Starting with the line that contains "The old customs", give again exactly and only each line through the end of the records; include the last line and exclude pictures.

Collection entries

---

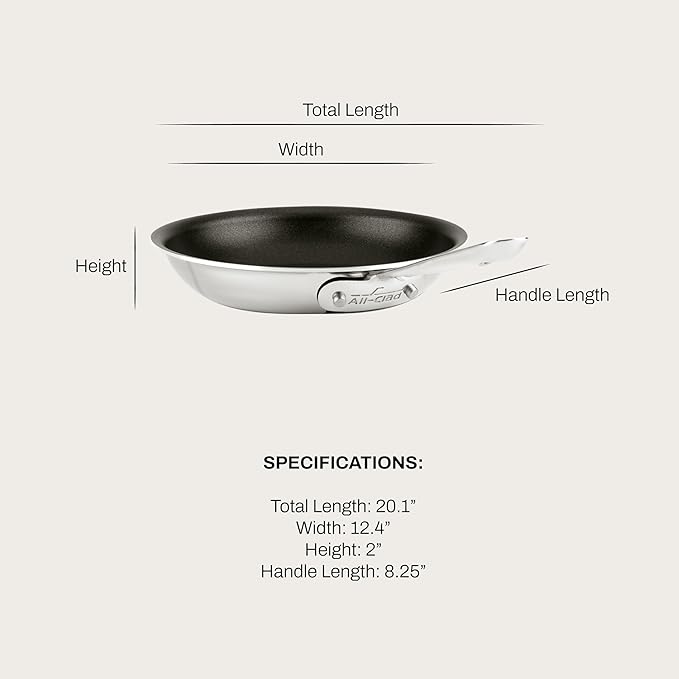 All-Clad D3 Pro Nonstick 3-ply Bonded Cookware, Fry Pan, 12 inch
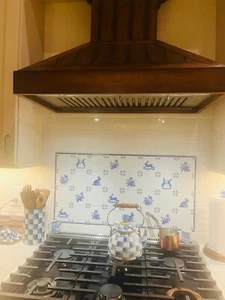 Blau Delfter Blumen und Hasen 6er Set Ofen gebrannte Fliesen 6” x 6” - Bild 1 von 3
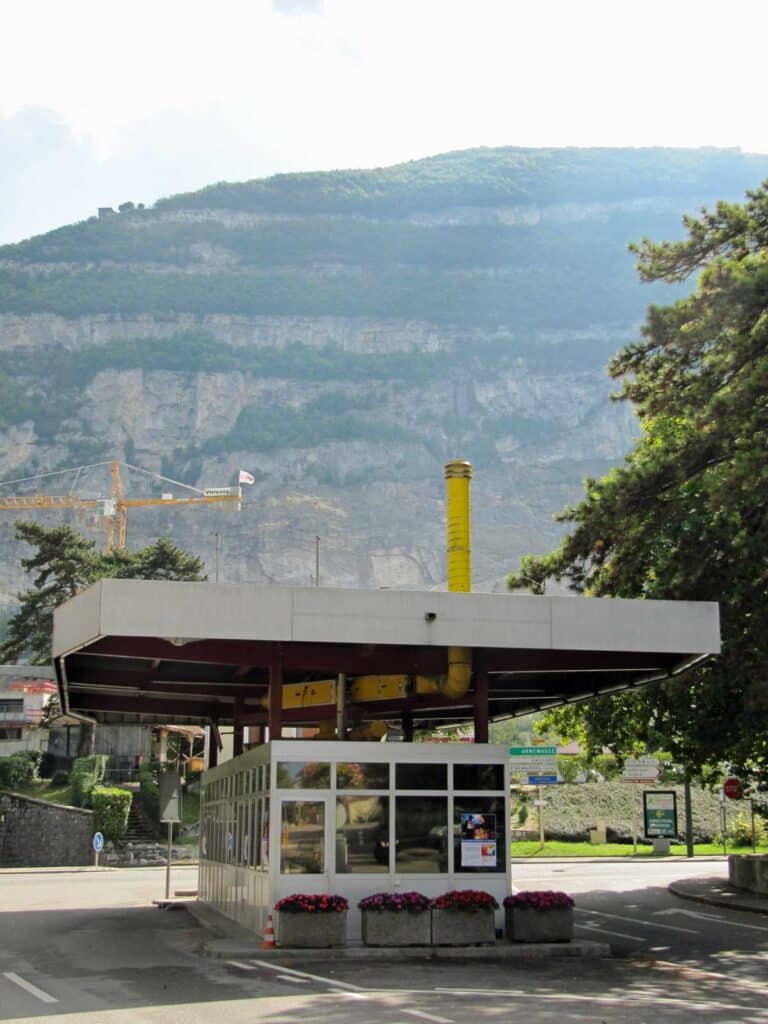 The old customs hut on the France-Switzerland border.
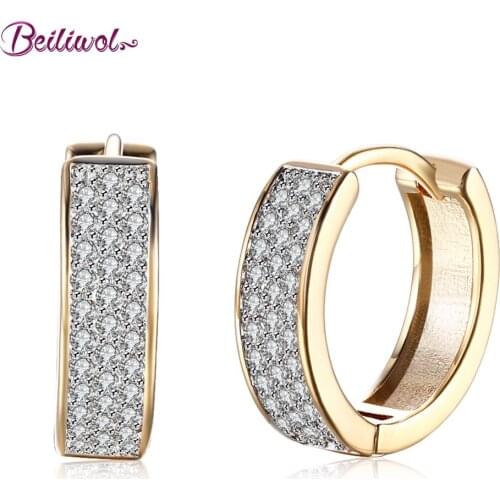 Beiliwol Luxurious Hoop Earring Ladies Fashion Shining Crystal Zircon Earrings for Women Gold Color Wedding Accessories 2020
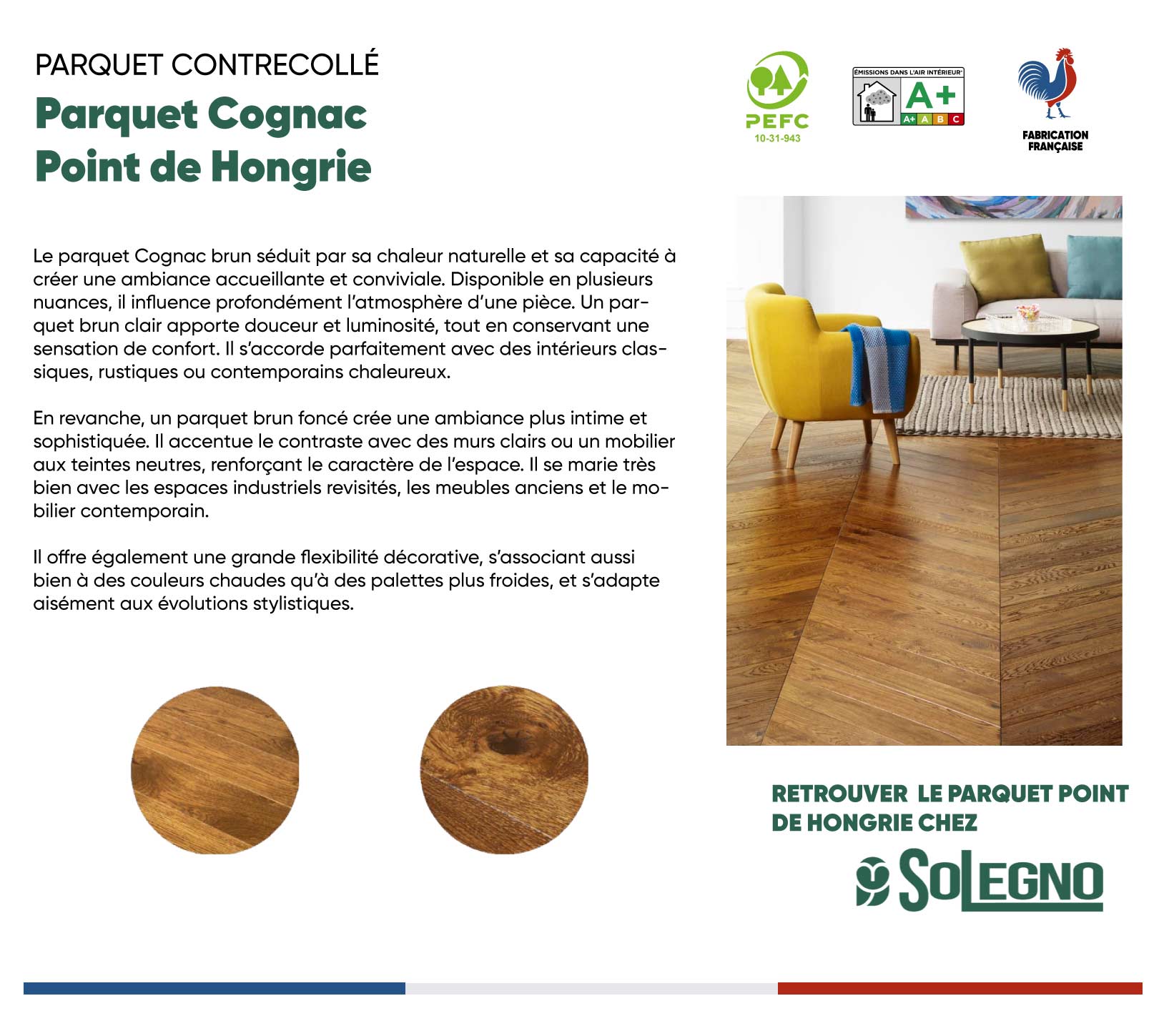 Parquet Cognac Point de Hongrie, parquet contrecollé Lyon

---

→ **Exercise solution**:
 The old customs hut on the France-Switzerland border.
 Beiliwol Luxurious Hoop Earring Ladies Fashion Shining Crystal Zircon Earrings for Women Gold Color Wedding Accessories 2020
 Parquet Cognac Point de Hongrie, parquet contrecollé Lyon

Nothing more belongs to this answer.